At Dieppe, six hours of battle exhausted everything learned in two years of training, which included neither how to suborn guards with cigarettes nor the art of jumping from a moving train. The Fusiliers Mont-Royal who jumped from the trains destined for POW camps in Germany trusted that their mother tongue would ease their way through Occupied France. Neither the reading of civilians nor the intrepid confidence needed to reveal themselves to those who would have been handsomely paid to betray them was taught in the drill halls of Montreal or the training camps of Britain.
Ian MacDonald’s high school French helped, but, as Edward Carter-Edwards’s story shows, it alone doesn’t explain how an evader could survive for weeks on the run. Nor
does what the Air Ministry called Escape and Evasion training, which consisted mainly of being told how to put on a parachute and count to ten before pulling the rip cord, and of an explanation of the contents of the Escape and Evasion kit. Evading the Gestapo required the dauntlessness that, perhaps, only men still in or barely out of their teens can have. It also required a sixth sense, luck, and the imagination to see one’s self as a latter day Scarlet Pimpernel, the era’s James Bond, whom they knew from the film starring Raymond Massey.
Not even years of garrison duty in England could prepare men like Stan Darch—who in the moments before raising his arms in surrender experienced the exhilaration and terror of battle—for the sheer boredom of life in a POW camp. Coming to terms with the humiliation of being defeated, the degradation of being kept filthy, hunger and the enforced idleness vexed Lieutenant Colonel Cecil Merritt, who earned Victoria Cross before being captured at Dieppe, to the point that after being liberated he spat that being a POW “cannot be translated into virtue.”281 And yet, as shown by his own career, which included an escape attempt that earned him assignment to the forbidding Colditz Castle, being a POW—or better, surviving being a POW—required its own type of mettle. For men like John Grogan and Andrew Cox, that mettle included the sang-froid to swap over.

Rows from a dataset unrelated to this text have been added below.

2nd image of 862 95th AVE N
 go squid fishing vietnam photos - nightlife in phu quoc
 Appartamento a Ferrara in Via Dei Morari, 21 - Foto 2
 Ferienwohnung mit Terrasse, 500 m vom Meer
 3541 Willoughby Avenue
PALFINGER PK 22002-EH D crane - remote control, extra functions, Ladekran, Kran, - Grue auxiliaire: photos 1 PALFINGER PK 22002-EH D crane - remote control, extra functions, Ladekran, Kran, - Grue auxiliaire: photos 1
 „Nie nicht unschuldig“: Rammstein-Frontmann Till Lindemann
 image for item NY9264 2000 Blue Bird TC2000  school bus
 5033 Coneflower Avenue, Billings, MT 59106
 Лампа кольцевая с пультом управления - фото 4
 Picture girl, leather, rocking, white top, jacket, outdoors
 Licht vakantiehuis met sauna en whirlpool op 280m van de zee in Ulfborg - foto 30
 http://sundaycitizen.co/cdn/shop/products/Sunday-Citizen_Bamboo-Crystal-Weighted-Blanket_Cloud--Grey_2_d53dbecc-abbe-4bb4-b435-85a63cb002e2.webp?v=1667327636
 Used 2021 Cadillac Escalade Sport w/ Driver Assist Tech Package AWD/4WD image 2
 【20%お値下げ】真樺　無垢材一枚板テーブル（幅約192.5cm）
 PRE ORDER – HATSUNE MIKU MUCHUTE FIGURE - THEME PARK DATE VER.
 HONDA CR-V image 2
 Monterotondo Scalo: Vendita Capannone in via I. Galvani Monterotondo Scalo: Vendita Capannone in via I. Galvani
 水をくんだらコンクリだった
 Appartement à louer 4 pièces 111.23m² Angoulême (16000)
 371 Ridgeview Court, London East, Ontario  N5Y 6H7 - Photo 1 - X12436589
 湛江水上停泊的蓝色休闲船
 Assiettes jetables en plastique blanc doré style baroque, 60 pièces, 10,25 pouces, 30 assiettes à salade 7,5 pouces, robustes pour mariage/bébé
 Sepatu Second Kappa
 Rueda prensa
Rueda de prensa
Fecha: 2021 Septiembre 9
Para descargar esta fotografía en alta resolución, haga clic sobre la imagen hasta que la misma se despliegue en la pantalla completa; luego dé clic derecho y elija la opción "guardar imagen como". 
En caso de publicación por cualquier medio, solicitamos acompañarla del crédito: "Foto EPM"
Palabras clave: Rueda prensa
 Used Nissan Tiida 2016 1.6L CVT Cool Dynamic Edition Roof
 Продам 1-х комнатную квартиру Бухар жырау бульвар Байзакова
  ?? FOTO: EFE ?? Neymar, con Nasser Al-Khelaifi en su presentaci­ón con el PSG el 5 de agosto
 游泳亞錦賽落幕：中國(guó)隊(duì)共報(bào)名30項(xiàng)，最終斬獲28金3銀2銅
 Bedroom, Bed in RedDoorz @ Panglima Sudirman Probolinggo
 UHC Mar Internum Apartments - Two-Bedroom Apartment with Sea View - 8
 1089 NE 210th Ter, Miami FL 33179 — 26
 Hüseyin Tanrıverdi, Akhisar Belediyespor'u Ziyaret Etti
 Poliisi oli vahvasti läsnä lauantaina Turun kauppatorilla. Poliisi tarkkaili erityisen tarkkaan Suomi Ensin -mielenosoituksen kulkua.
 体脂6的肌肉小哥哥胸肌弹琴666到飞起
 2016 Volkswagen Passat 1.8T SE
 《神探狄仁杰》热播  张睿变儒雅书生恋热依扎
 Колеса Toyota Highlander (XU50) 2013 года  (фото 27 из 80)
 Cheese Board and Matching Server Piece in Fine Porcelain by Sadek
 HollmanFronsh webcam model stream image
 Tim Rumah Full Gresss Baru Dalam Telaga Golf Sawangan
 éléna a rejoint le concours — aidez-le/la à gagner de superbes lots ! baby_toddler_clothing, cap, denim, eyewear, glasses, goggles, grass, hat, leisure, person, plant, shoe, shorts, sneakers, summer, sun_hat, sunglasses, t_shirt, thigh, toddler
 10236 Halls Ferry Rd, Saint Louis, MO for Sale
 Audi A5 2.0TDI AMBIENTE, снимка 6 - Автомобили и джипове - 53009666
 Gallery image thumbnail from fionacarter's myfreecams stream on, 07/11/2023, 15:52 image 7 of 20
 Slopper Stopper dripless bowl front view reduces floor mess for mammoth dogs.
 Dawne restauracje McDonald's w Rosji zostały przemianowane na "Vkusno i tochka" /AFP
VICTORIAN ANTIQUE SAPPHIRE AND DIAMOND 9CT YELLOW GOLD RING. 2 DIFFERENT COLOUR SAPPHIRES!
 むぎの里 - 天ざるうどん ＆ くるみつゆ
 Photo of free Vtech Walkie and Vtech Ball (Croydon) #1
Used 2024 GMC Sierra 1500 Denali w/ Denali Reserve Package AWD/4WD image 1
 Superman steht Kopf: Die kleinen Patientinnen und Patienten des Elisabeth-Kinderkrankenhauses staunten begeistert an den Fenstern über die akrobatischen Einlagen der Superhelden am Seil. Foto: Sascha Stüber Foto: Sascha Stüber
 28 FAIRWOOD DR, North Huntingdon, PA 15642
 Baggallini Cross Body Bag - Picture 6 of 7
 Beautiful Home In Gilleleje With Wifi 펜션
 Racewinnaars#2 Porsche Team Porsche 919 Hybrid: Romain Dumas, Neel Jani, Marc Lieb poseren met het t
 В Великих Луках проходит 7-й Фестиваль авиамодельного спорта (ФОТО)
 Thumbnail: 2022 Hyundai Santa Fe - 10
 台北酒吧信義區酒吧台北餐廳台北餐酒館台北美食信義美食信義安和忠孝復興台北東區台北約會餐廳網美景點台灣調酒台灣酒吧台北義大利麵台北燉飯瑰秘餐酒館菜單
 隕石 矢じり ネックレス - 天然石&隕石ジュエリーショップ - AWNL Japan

None of the members of the Escape Committee at Stalag Luft III could have known that the Great Escape would tie up some 70,000 men or that the Germans would murder 50 escapers in cold blood. But, like similar committees in other camps, they knew that escapes cost the Germans something and that trying to thwart them was also a drain on the Reich’s resources. Wally Floody and his comrades had no doubt that even had they never been used, the digging of tunnels and the making of compasses and other escape gear maintained morale, and thus acted like a thumb in the eye of the goons. Despite their shock and humiliation, the survivors of Dieppe did what they could to mock the Germans for shackling them and so reaffirmed their status as free men, something the German guards were not.